The LLM-first generator tracks 3 main stages with LangSmith tracing:

LLM_GENERATING - Single-pass LLM generation with full context
- Pattern loading
- Prompt building with exemplars
- LLM API call
- Structured output parsing
VALIDATING - Code validation with iterative fixes
- TypeScript validation (tsc)
- ESLint validation
- LLM fix loop (if needed, max 2 retries)
- Quality scoring
POST_PROCESSING - Final assembly and formatting
- Import resolution
- Provenance injection
- Code formatting
- File assembly

Generated Output

Each component generation produces:

Component.tsx - Main component file with:
- Provenance header (pattern ID, timestamp, hashes)
- Ordered imports (external, internal, utils, types)
- TypeScript interfaces with strict types
- Accessibility-enhanced component code
- No any types
- LLM-generated with validation
Component.stories.tsx - Storybook stories with:
- CSF 3.0 format
- Meta object with argTypes
- Default story
- Variant stories (Primary, Secondary, Ghost, etc.)
- State stories (Disabled, Loading, Error)
- LLM-generated with examples
Metadata - Generation metadata with:
- Total latency (ms)
- Stage latencies
- Validation attempts (0 = valid first try)
- Quality score (0-100)
- Token usage (prompt + completion)
- LangSmith trace URL

Performance Targets

Metric	Old Pipeline	New LLM-First	Status
Total Latency (p50)	~60s	≤20s	✅ 3x faster
Total Latency (p95)	~90s	≤30s	✅ 3x faster
First-Time Valid	~60%	≥85%	✅ Better quality
Validation Fixes	Manual	0-2 auto	✅ Automated
Token Usage	N/A	~2000-4000	✅ Tracked
Quality Score	N/A	≥80/100	✅ Measured

Observability with LangSmith

All LLM operations are traced with LangSmith for debugging and optimization:

Accessing Traces

# Traces are automatically created with metadata
result = await generator.generate(request)
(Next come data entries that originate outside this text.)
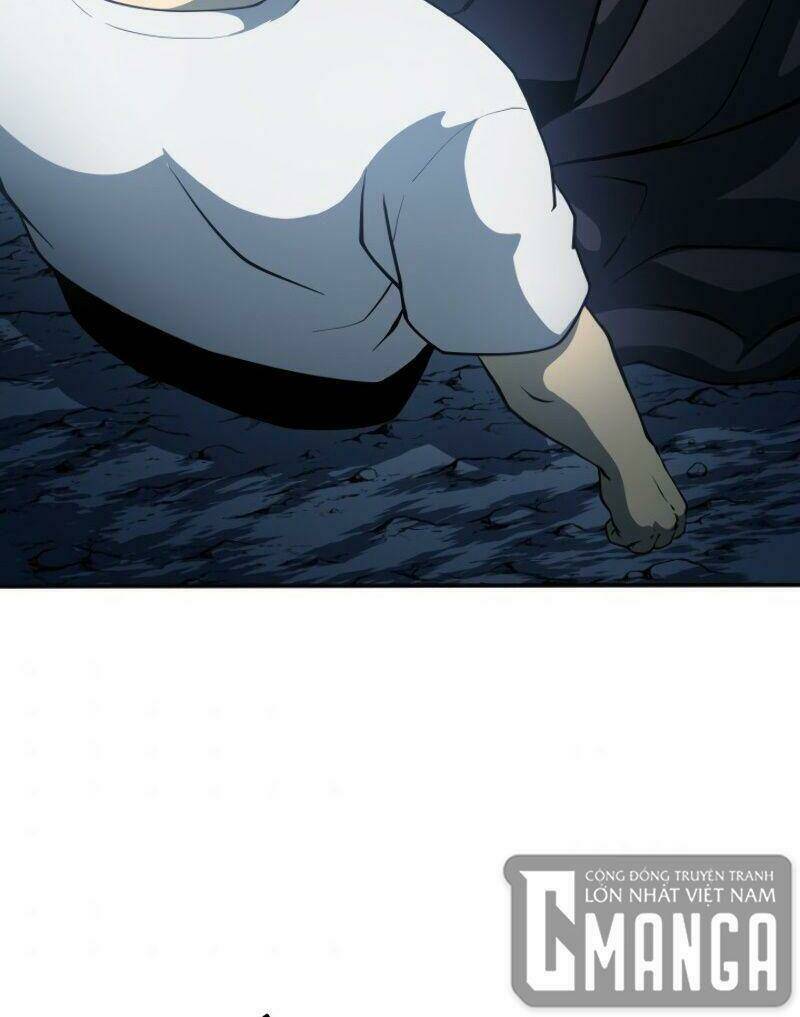 Ngôi Nhà Kết Nối Với Hầm Ngục Chap 5 - Next Chap 6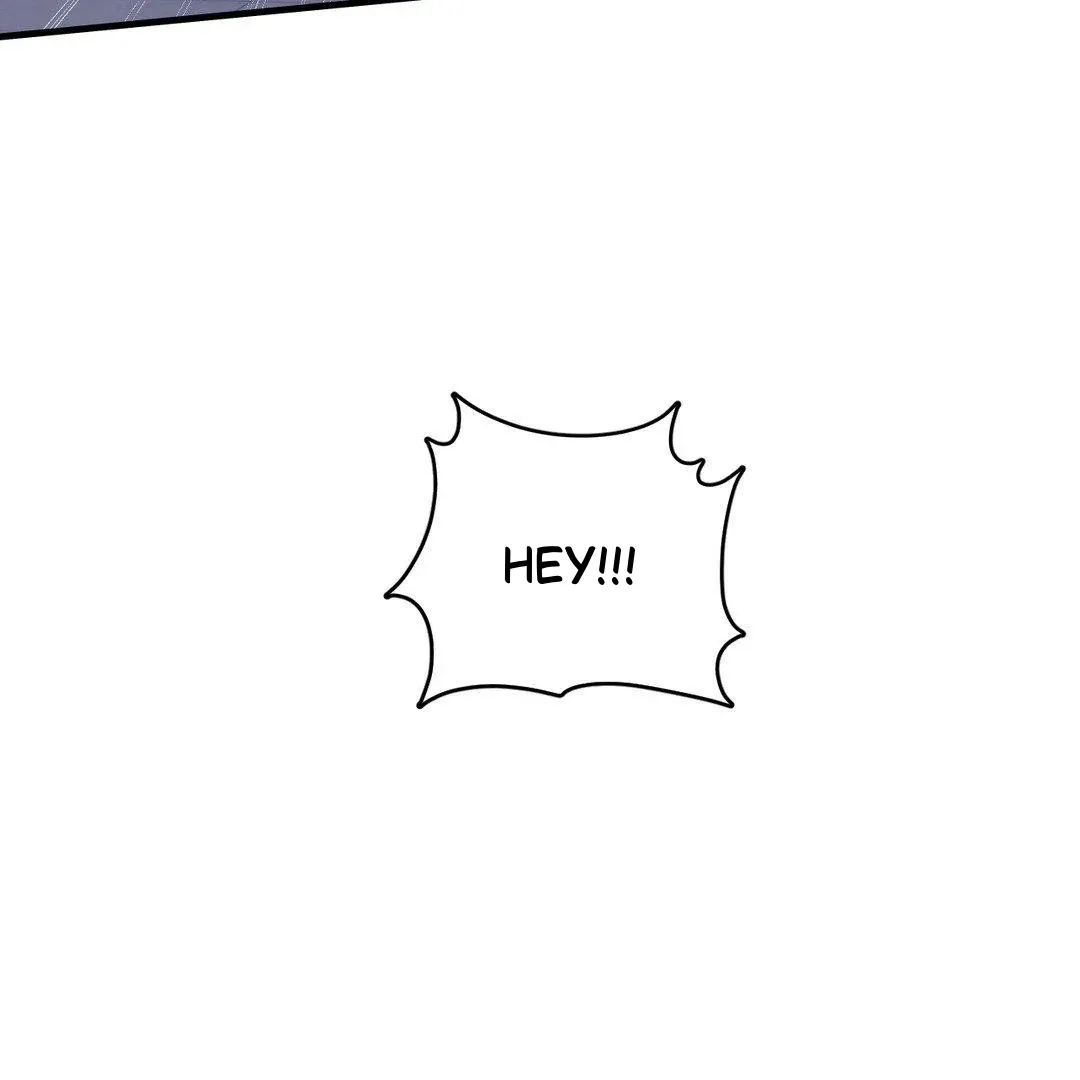 Negative Love - Chapter 40 Page 98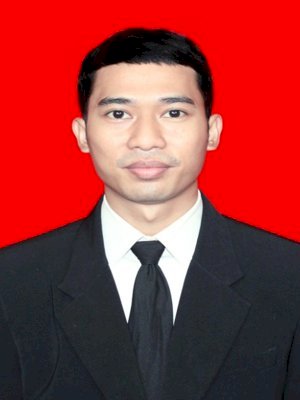 NUR CHALIK AZHAR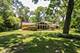 630 Woodland, Crystal Lake, IL 60014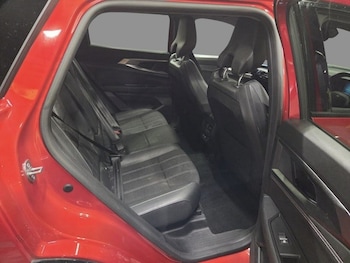 Used Renault Austral 2024 for sale - 78525326: Photo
# Access trace URL from metadata (if available)
if hasattr(result.metadata, 'trace_url'):
    print(f"View trace: {result.metadata.trace_url}")

Key Metrics Tracked

Token Usage: Prompt tokens, completion tokens, total cost
Latency: Per-stage and total latency
Quality: Validation attempts, quality score, error types
Success Rate: Valid first-time vs. needs fixes
Error Patterns: Common validation errors, fix effectiveness

LangSmith Dashboard

Access the LangSmith dashboard to:

View all generation traces
Analyze prompt effectiveness
Debug validation failures
Track token usage and costs
Monitor quality trends
A/B test prompt variations

See: PROMPTING_GUIDE.md for prompt optimization strategies

Testing

Unit Tests

# Run all generation tests
pytest backend/tests/generation/ -v

# Run LLM-first component tests
pytest backend/tests/generation/test_llm_generator.py -v
pytest backend/tests/generation/test_code_validator.py -v
pytest backend/tests/generation/test_prompt_builder.py -v
pytest backend/tests/generation/test_exemplar_loader.py -v

# Run kept module tests
pytest backend/tests/generation/test_pattern_parser.py -v
pytest backend/tests/generation/test_provenance.py -v
pytest backend/tests/generation/test_import_resolver.py -v
pytest backend/tests/generation/test_code_assembler.py -v

Integration Tests

# Run end-to-end generation tests
pytest backend/tests/generation/test_generator_service.py -v

# Run with coverage
pytest backend/tests/generation/ --cov=src.generation --cov-report=html

# Integration tests with real LLM (requires API key)
pytest backend/tests/generation/ -v -m integration

# Integration tests with real LLM (requires API key)
pytest backend/tests/generation/ -v -m integration

Test Coverage

Target test coverage for LLM-first components:

LLM Generator: ≥95%
Code Validator: ≥95%
Prompt Builder: ≥95%
Exemplar Loader: ≥90%
Pattern Parser: 100% (kept)
Provenance Generator: 100% (kept)
Import Resolver: 98% (kept)
Code Assembler: ≥90% (updated)

Error Handling

The module uses structured error handling with automatic recovery:

class GenerationError(Exception):
    """Base exception for generation errors."""
    pass

class LLMGenerationError(GenerationError):
    """Failed to generate code with LLM."""
    pass

class ValidationError(GenerationError):
    """Code validation failed."""
    pass

class CodeAssemblyError(GenerationError):
    """Failed to assemble code."""
    pass

Automatic Recovery

LLM Errors: Retry with exponential backoff (max 3 attempts)
Validation Errors: Automatic LLM fix loop (max 2 iterations)
Rate Limits: Exponential backoff with jitter
Timeouts: Configurable per-stage timeouts

See: TROUBLESHOOTING.md for common issues and solutions

Migration from Old Pipeline

If migrating from the old 8-stage pipeline:

Code Changes: No changes needed - API is backward compatible
Configuration: Set use_llm=True (default) to use new pipeline
Environment: Add OPENAI_API_KEY and LANGSMITH_API_KEY
Testing: Run full test suite to verify behavior
Monitoring: Set up LangSmith dashboard for observability

Backward Compatibility

# Old API still works
generator = GeneratorService()
result = await generator.generate(request)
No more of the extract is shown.